Screen Flows support released

It took a while longer than promised, but now I am happy to release the screen flow implementation I talked about at Eclipse Summit Europe '08 to the public.

Just go to http://code.google.com/p/screen-flows-in-eclipse/ and you should find both the presentation as well as all the needed sources. If you find any problems with the implementation or just find a way to enhance them, then please free to submit your changes.


Ask the experts

We have just finished our Advanced Eclipse RCP training in Copenhagen. All-in-all a success with one "minor" problem: we had far too much materials for a three day course. It could easily have been a four day course.

One very good thing we did in this course was to get Thomas Hallgren to present Buckminster. Thomas, being one of he main developers of Buckminster, could answer all the many questions there was on building plug-ins and products in Eclipse. This is definitely something, we would consider doing again another time. I think almost everybody present wanted to go home a play a little more with Buchminster.


Don't forget your running shoes... if you feel blue

For those of you that feel a little run in the morning is a good cure for any blues - or simply fear that all the hard late work will warrant it - there will be a short 5-6 km tun in the morning starting from the entrance of Hotel Nestor.

Just be there by 7:20 and we will take a slow scroll around the parks of the center of Ludwigsburg. Any ideas for good routes will be much appreciated.

See you Tuesday morning!


ESE '08: Please provide a proper calendar

In the Spring at EclipseCon '08, there was a iCal based calendar with all the events and sessions of the conference. That was very useful when you wanted to figure out just what to attend to. The fact that it was in iCal format made it possible to synchronize to many types of devices - such as mobile phones - as well as Google Calendar...

But for ESE '08, I cannot find a calendar with the sessions. Just the one made by Bjørn - it seems - with three entries: "Symposia", "Day 1" and "Day 2". It is linked to from the front page of ESE '08, so one can only assume that it was the intension to add more stuff... or not?

If a calendar with all the events and sessions exists, can anybody point me to it?


ESE '08: Will there be any organized runs this year?

I have been looking for some time now, but as I cannot find anything, I have to ask: Will there be any organized runs this year at Eclipse Summit Europe?

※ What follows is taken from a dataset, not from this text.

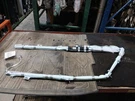 Driver Left Air Bag Roof Fits 22-24 Enclave 3125030. Fixed Price $339.00.
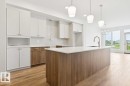 194 Stetson Loop, Ardrossan, AB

With all the good food and the many sessions where we all sit and listen, a little run or two would do us all good.


Meet Wayne Beaton in Denmark

Wayne - our most esteemed evangelist - will talk at a after-work meeting for eclipse.dk in Copenhagen on Thursday. The subject - apart from whatever you ask him - will be test driven development:
Test first development is a top-down process by which code is written starting with tests. Once tests have been created, the process changes to that of making the tests work by implementing the application code. In this short talk, we demonstrate how Eclipse support for JUnit facilitates test first development in the context of creating Java and Java EE applications, and plug-ins.
If you would like to participate, the meeting is taking place at ITU (Rued Langgaards Vej 7, 5.sal, 2300 København S) Thursday 16:00-18:30. Please sign up at eclipse.dk.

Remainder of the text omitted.